Я выкатил глаза. Его наглость не знала границ – судя по всему, отвратительный получится полет.
– Кто это мне подстроил? Доннер? Джефф Торн?
– Не «подстроил» тебе, а устроил для тебя. Они оба.
– Ты отказался от нормальной жизни ради…
– Отчего же, капитан? Разве пребывать рядом с вами не равносильно полноценной жизни?
Я весь уже кипел.
Толливер невозмутимо встретил мой пылающий взгляд.
– Только в качестве лейтенанта, – наконец громыхнул я, скрыв удовлетворение, в котором никогда бы не признался. – На корабле может быть только один капитан.
– Хм-м. Вы полагаете, что я со всех ног побегу восстанавливаться на военной службе? Нет, если только вы добавите мою выслугу лет в качестве капитана к многим годам лейтенантства…
– Ты будешь старшим лейтенантом. Знаешь ли, я умею разбираться в воинских знаках различия. – Так или иначе я бы выровнял его в Положении с лейтенантом Каттером.
– По крайней мере, я буду отвечать за скамью для порки. И у меня будет возможность защищать гардемаринов от ваших вспышек гнева.
– Толливер!
– Да, сэр? – Он вскинул брови. И тут же сказал:
– Что ж, если вы так настаиваете, то можете принять у меня присягу.
Через некоторое время он вышел в компании лейтенанта Каттера руководить кардинальным переустройством кают первого уровня. Я сидел ошеломленный до тех пор, пока мы не вышли в безопасную для включения сверхсветовых двигателей зону.
На нижних палубах все было в полном порядке: я настоял, чтобы начальником двигательного отсека назначили Макэндрюса, и никого другого. Возможно, потом я где-нибудь найду у него самогонный аппарат – наподобие того, каким пользовался его отец, – и отучу от вредной привычки.
Большинству пассажиров придется время от времени терпеть снижение гравитации, когда я буду совершать обход судна. А те, кто предпочитает земное тяготение, могут обедать на пятом уровне. Носовые гравитроны настроены на одну треть земной силы тяжести. По моему приказу начальник двигательного отсека Макэндрюс будет каждый день немного ее увеличивать. Девятнадцать месяцев до Константинии и девятнадцать обратно. Одиннадцать тысяч пятьдесят дней – у меня будет время потерпеть и попривыкать.

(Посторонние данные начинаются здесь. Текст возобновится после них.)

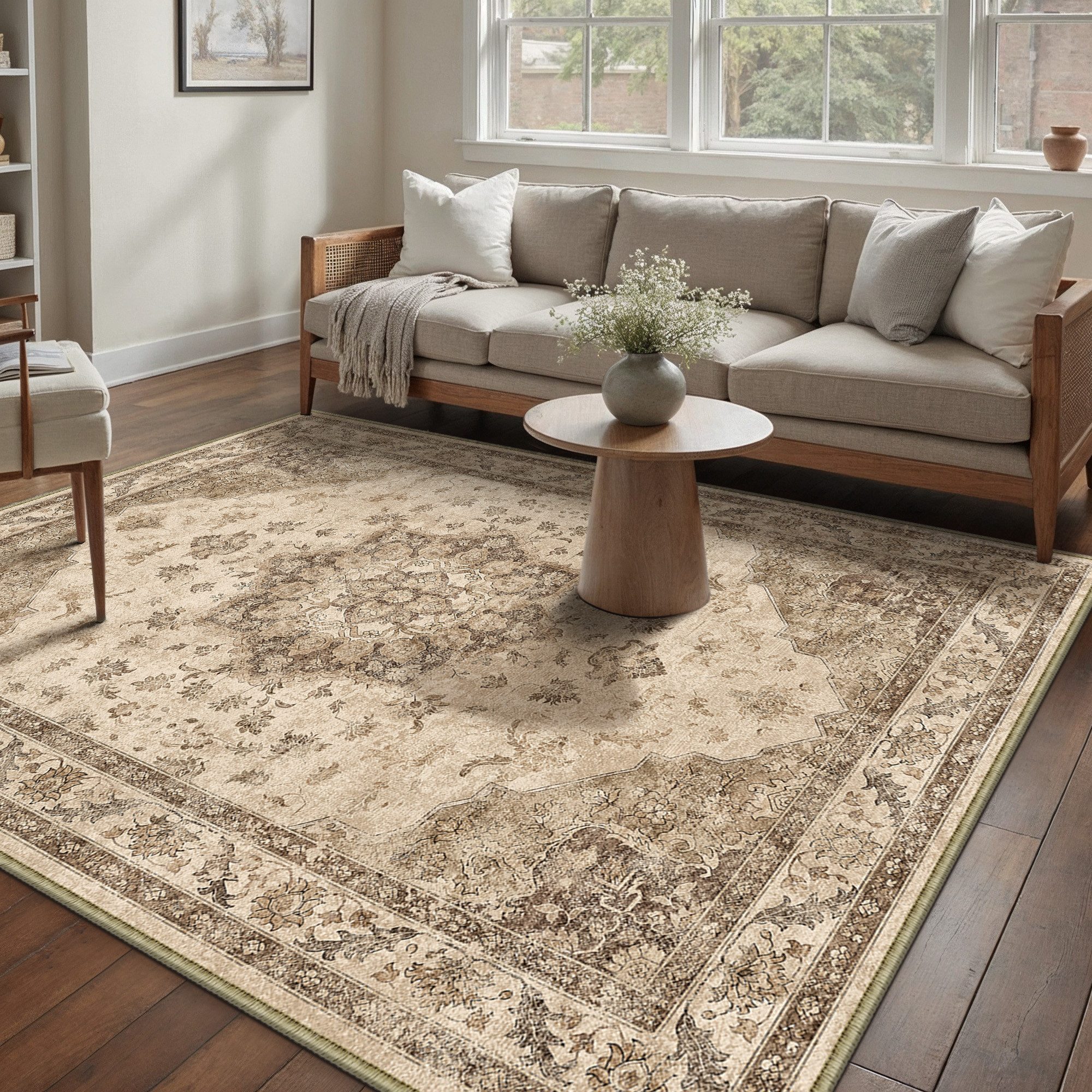 PURECOZY Teppich Kurzflor & Weich, Waschbar & Pflegeleicht, Retro-Design, Rechteckig, Höhe: 6.1 mm, geeignet für verschiedene Innenräume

Может статься, прогноз доктора Дженили и не сбудется.
Итак… Я поежился в своем шикарном кожаном кресле.
Прошла ли жизнь полный цикл? Нет, на самом деле нет. Но в кои-то веки, если человек получил благословение…
Моя улыбка погасла. Вряд ли я был таким человеком. «Господи, я сознательно произносил каждое слово ненависти в твой адрес. И по-прежнему так думаю. Ты снизошел до того, чтобы забрать Арлину и Дерека. Не говори мне, что Ты не мог этому воспрепятствовать, я лучше знаю. Я не могу этого простить, и никогда не смогу.

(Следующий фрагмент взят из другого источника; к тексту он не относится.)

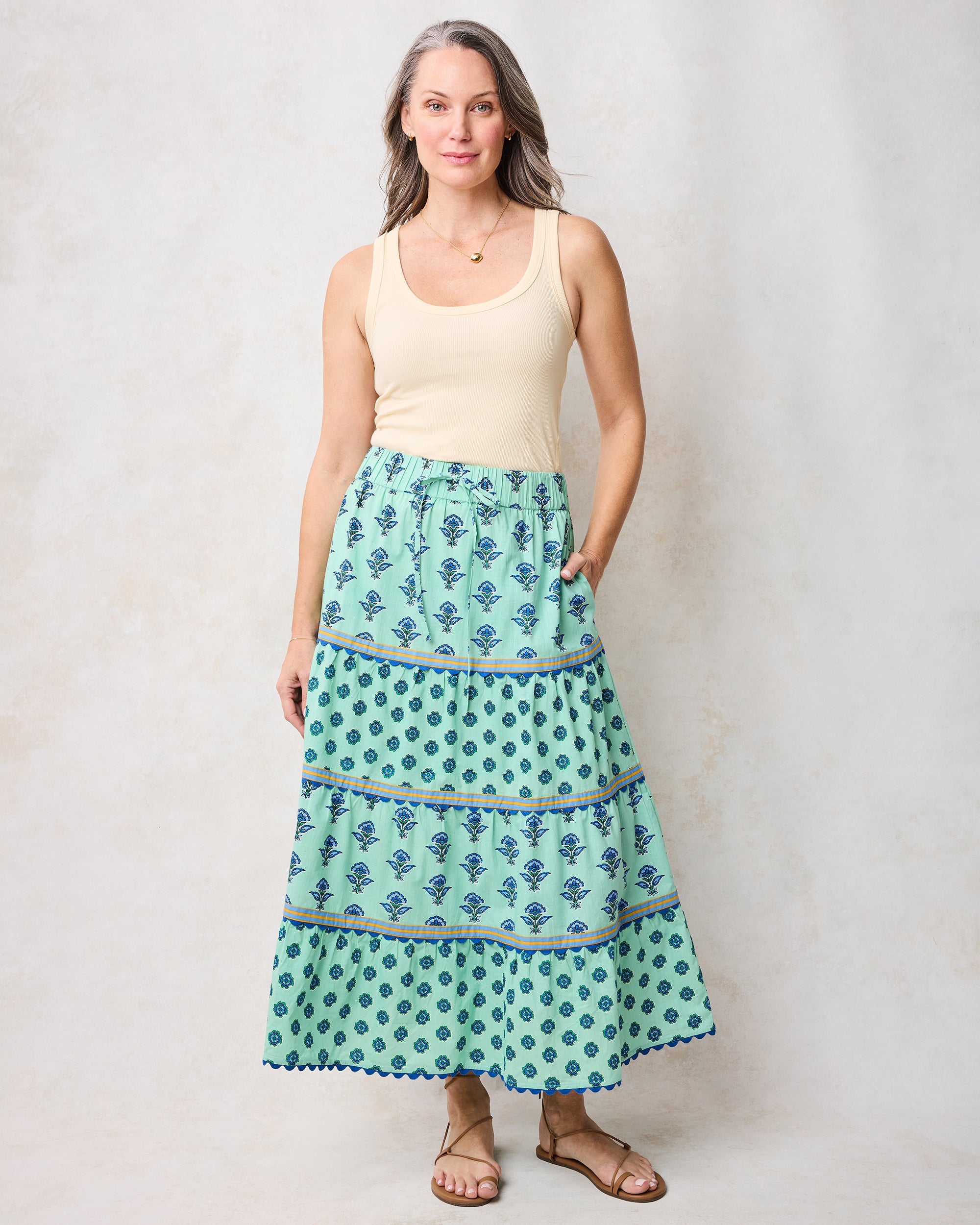 Aviary Flowers - Meadow Skirt - Soft Sage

Я знаю, что, отрекшись от Тебя, не могу рассчитывать на мольбы к Тебе. Да и верю ли я в Тебя? Возможно, нет. Я обещал, что никогда больше не буду говорить с Тобой. И, конечно, не жду ответа. Я даже не надеюсь, что Ты слышишь меня, и знаю, что проклят. Но, как ты, несомненно, знаешь, я уже слишком стар, чтобы измениться. Поэтому я постоянно ловлю себя на том, что обращаюсь к Тебе – недоверчиво, неохотно, но с уважением. И все в порядке. Ты не должен меня слушать. Только я должен говорить…»
– Приближаемся к безопасной для сверхсветового режима зоне, сэр, – сказал пилот.